If we take the linear-interrupted configuration commonly used for text matter, we can see that it has had a bearing on the presentation of picture stories. An obvious example is provided by comics [fig.25] which, traditionally, have told stories through rows of graphic segments, each consisting of a combination of pictures and words. The linear-interrupted configuration is also used from time to time when pictures are shown on their own, as they were for this record of the funeral procession of Lord Nelson in 1806 [fig.26j. In both cases the rows of pictures line up to the right in the manner of justified text. In the case of the Nelson funeral procession, the equivalent of word spacing has been put between each pictorial group in the procession, in just the same way that words are arranged to achieve even line endings. The linear-interrupted configuration is also found in one widely used category of graphic language that adopts the schematic mode of representation. music printing. Almost without exception, music is presented so that the ends of bars coincide with line or row endings. The skill of the music writer or engraver (and now software engineer) lies insubtly adjusting the spacing of the notation to achieve straight right-hand margins.

The matrix configuration is, likewise, found in examples of graphic work in modes other than the verbal/numerical. A diagram drawn for the Sunday Times in the 1960s [fig.27] shows effectively the rise of the mini skirt, as documented in some of the leading women s magazines of the period. Here the designer has used a combination of pictures and words, though it could be argued that the mastheads of the magazines have almost become pictures. In the case of an Isotype chart of the late 1930s [fig.28], which draws attention to the symptoms of tuberculosis, the data in the cells of the matrix are also presented by means of pictures. The use of the

schematic mode in matrix configurations is much rarer, and is illustrated here [fig.29] with one of a set of diagrams by Anthony Froshaug showing the system of spacing units used with metal type.

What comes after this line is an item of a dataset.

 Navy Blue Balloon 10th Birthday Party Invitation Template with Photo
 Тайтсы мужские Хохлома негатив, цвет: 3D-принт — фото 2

Up to this point I have illustrated the cells of the schema with reasonably clear-cut examples, but that is simply the starting point for interpreting the schema as a whole. One of its initial purposes was to demonstrate the immense diversity of graphic language. I now find, with the experience of having used it over the years, that I need to emphasize -even more than I thought I had done originally- that it is simply a tool for thinking about and discussing graphic language. It is certainly not meant to constrain it. To start with, it needs to be said that many everyday examples of graphic design reveal characteristics of severa! cells of the matrix, and that there are fuzzy areas as between different modes and different configurations (the most common of which are indicated with a dotted line on the schema). The best analogy I can think of is with a palette of colours, which can be combined in countless ways to produce infinite gradations of hue and tone.

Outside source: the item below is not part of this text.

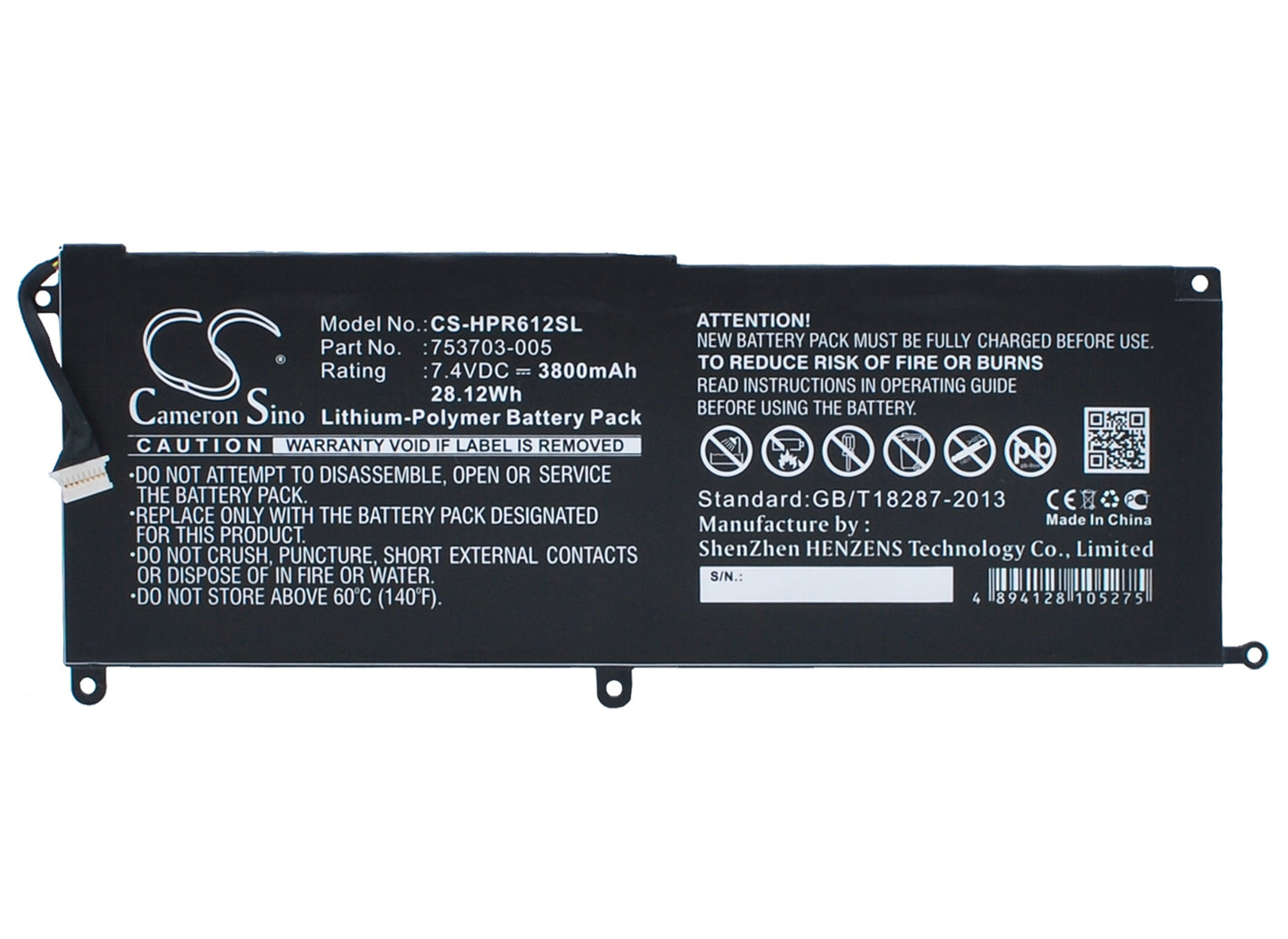 7.4V 3800mAh/28.12Wh Li-Polymer Tablet Battery for HP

I have also come to identify two or three further configurations, which I would like to introduce now. I shall take them in sequence and slot them into what might be an appropriate place in my original schema. I have referred to some of them in the past, but for the sake of simplicity have not modified the original matrix. There seems little point in producing diagrams for teaching purposes that are so complicated that they cannot easily be understood and remembered.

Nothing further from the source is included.